|Biden Says Weakened Russia Will Bend to U.S.|
By PETER SPIEGEL
WASHINGTON -- Vice President Joe Biden said in an interview that Russia's economy is "withering," and suggested the trend will force the country to make accommodations to the West on a wide range of national-security issues, including loosening its grip on former Soviet republics and shrinking its vast nuclear arsenal.
Mr. Biden said he believes Russia's economic problems are part of a series of developments that have contributed to a significant rethinking by Moscow of its international self-interest. The geographical proximity of the emerging nuclear programs in Iran and North Korea is also likely to make Russia more cooperative with the U.S. in blocking their growth, he said.
But in the interview, at the end of a four-day trip to Ukraine and Georgia, Mr. Biden said domestic troubles are the most important factor driving Russia's new global outlook. "I think we vastly underestimate the hand that we hold," he said.
"Russia has to make some very difficult, calculated decisions," Mr. Biden said. "They have a shrinking population base, they have a withering economy, they have a banking sector and structure that is not likely to be able to withstand the next 15 years, they're in a situation where the world is changing before them and they're clinging to something in the past that is not sustainable."
Mr. Biden's remarks were the most pointed to date by a senior administration official on why the Obama administration believes its "reset" with Russia is likely to succeed, while previous efforts to engage Moscow by the Clinton and Bush administrations ended with little progress.
The remarks also are among the administration's most critical of Russia's current role in the world, and come just weeks after President Barack Obama insisted that the U.S. seeks a "strong, peaceful and prosperous Russia" in an address at his high-profile July summit in Moscow with Russian President Dmitry Medvedev.
Natalya Timakova, a spokeswoman for Mr. Medvedev, declined to comment on Mr. Biden's remarks. Ms. Timakova acknowledged that the Russian government is currently looking at many of the issues he raised -- including economic challenges, the banking sector and the country's shrinking population.
Despite Russia's economic and geopolitical difficulties, Mr. Biden said, Moscow could become more belligerent in the short term unless the U.S. continues to treat Russia as a major player on the international stage. He said Russian leaders are gradually beginning to grasp their diminished global role, but that the U.S. should be cautious not to overplay its advantage.

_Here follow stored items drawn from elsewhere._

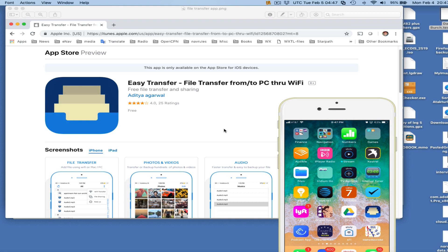Hello, this is David Birch at StarPath School of Navigation in Seattle with a note on how to transfer files wirelessly at sea.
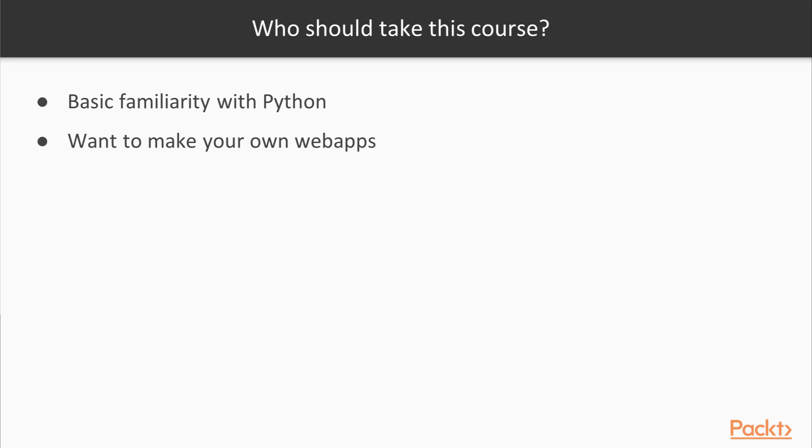This course is perfect for you if you have basic familiarity with Python and want to be making your own web apps.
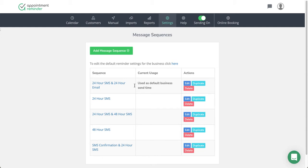There's other options here: just a 24-hour text, a 24-hour text then a 48-hour text, and what we're doing there is we're telling the system when to send a reminder to my customer and what type of reminder to send them.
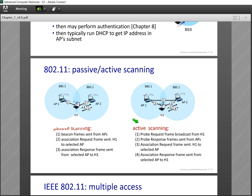For example, host H1 receives beacon frames from BSS1 and BSS2, selects the best received signal, and tries to join that network — making an association with it. In active scanning, the system actively sends messages to the access points saying 'I'm here, I want to connect to this network.'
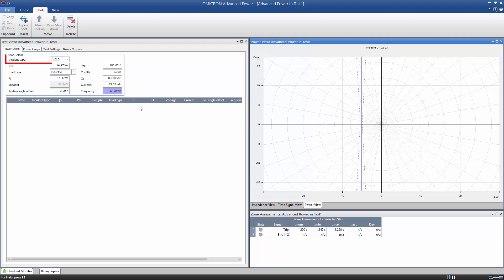As incident type, we choose L1, L2, L3 with a reverse power higher than the set value.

"It won't work if we go in and say: 'Hey, you need us, man; belly up to the bar and pay your dues,' " he said. "It is never smart to embarrass an individual or a country when they're dealing with significant loss of face. My dad used to put it another way: Never put another man in a corner where the only way out is over you."

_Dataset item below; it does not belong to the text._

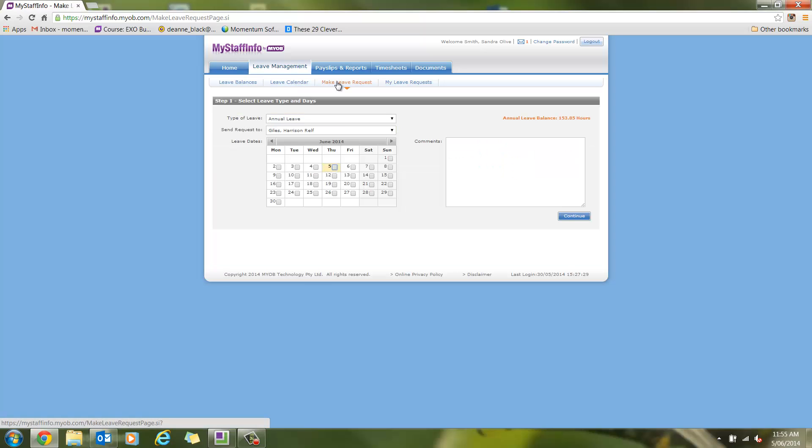She checks that the request is going to the correct manager, and chooses which leave she wants to take. She can also adjust the hours she wants to take, and then submits the request.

Since the end of the Cold War, consecutive U.S. administrations have tried to re-engage with Moscow on a range of foreign-policy issues, in the belief that the two countries had increasingly common national-security interests. After initial charm offensives, however, both the Clinton and Bush administrations' efforts were stymied.
Mr. Biden's remarks illustrate the extent to which the Obama administration believes the balance of power is shifting toward Washington, giving the White House a new opening to leverage its strategic advantages to persuade Moscow to reduce Russia's nuclear arsenal, loosen its grip on emerging democracies on its border, and cooperate on Iran and North Korea.
"It's a very difficult thing to deal with, loss of empire," Mr. Biden said. "This country, Russia, is in a very different circumstance than it has been any time in the last 40 years, or longer."
Specifically, he said, economic troubles played a central role in Moscow's strong desire to restart nuclear-reduction talks. He noted that Russia can no longer afford to maintain an arsenal that, while much smaller than Cold War levels, is still one of the two largest in the world by far. "All of sudden, did they have an epiphany and say: 'Hey man, we don't want to threaten our neighbors?' No," Mr. Biden said. "They can't sustain it."
He also argued that Russia's domestic struggles have made it less able to influence events in its so-called near abroad -- the former Soviet republics that, to varying degrees, are seeking increased independence from Moscow.
Russia maintains thousands of troops in the northern Georgian provinces of Abkhazia and South Ossetia, and has shut off gas flows into Ukraine twice in the last three years. Despite such shows of power, Mr. Biden said, even a close Russian protectorate such as Belarus has shown signs of bucking Moscow recently.
Mr. Biden said Moscow's efforts to strong-arm former Soviet republics through use of its energy resources have backfired. He noted that Russia's running dispute with Ukraine has galvanized European efforts to build a new pipeline through Turkey and southern Europe, known as Nabucco, that would bypass Russia.
"Their actions relative to essentially blackmailing a country and a continent on natural gas, what did it produce?" he said. "You've now got an agreement that no one thought they could have."